Using your child’s tax-free savings account is not necessarily the best vehicle for their education fund.
Let’s suppose for example that you open a TFSA in your child’s name and put R1 500 away each month towards your newborn’s tertiary education, escalating each year by CPI (assuming 5%). By the time they reach the age of 17 you would have reached their lifetime limit of R500 000. If the fund delivers the long-term average of the JSE – namely 12% – your child would have around R1.2 million for education.
The problem is that if you cashed it in at this stage to pay for their education you would have used up your child’s full tax-free allowance.
This means you would be limiting their options in terms of their own future goals as they would not be able to make further use of the TFSA once they started earning an income.
The basics of TFSAs
You can invest up to R30 000 a year with a lifetime limit of R500 000. If you invest more than the R30 000 per annum or exceed the lifetime limit, you will pay tax of 40% on those contributions.
You can open a TFSA in your child’s name, but keep in mind that donations tax will apply on any amount exceeding R100 000 per annum. That means you could contribute a maximum of R30 000 for three children per annum (R90 000). The same applies for any investment in your child’s name.

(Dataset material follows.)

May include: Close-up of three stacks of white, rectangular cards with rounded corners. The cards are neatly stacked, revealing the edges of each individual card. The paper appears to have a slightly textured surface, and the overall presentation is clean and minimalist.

On the other hand, a child of 18 years old would almost certainly not be liable for either capital gains tax or interest income tax. Both of these taxes are determined by the taxpayer’s current marginal tax rate. Presumably, an 18-year-old would not be earning an income and thus would have a zero marginal income tax rate, meaning that they would not be taxed at all. So any investment outside of a tax-free savings account would not attract any capital gains tax or interest income tax.
One could argue therefore that the use of a tax-free savings account for an investment you intend cashing in before your child starts earning an income would be wasting a valuable vehicle that they would need themselves once they actually became taxpayers.
If, however, you are simply saving for the long term and your child could use this build-up of funds for future needs once they are an adult, such as a deposit on a house, their own children’s education, or even their retirement, then there would be some sense in using a TFSA.
But in terms of your child’s education, the best strategy would be to either utilise your own TFSA allowance and benefit from zero tax rates, or open a regular investment such as a unit trust in your child’s name.
A dual strategy
I reached this conclusion when it came to opening up TFSAs in my children’s names. I have already saved a significant amount for them in Satrix investments. My first thought was to transfer R30 000 a year of these savings into the Satrix TFSA, in order to avoid tax later.
When I considered that this money is earmarked to supplement a tertiary education or pay for a gap year, or whatever my kids decide to do when they leave school, I realised it made no sense to waste the tax-fee allocation. So although I have now opened a TFSA for both my children, this fund is to help build towards their long-term wealth. Once they start working they can take over the debit orders and it will provide a good base for future wealth creation.
We continue to pay each month into their existing non-TFSA funds which will be utilised when they leave school.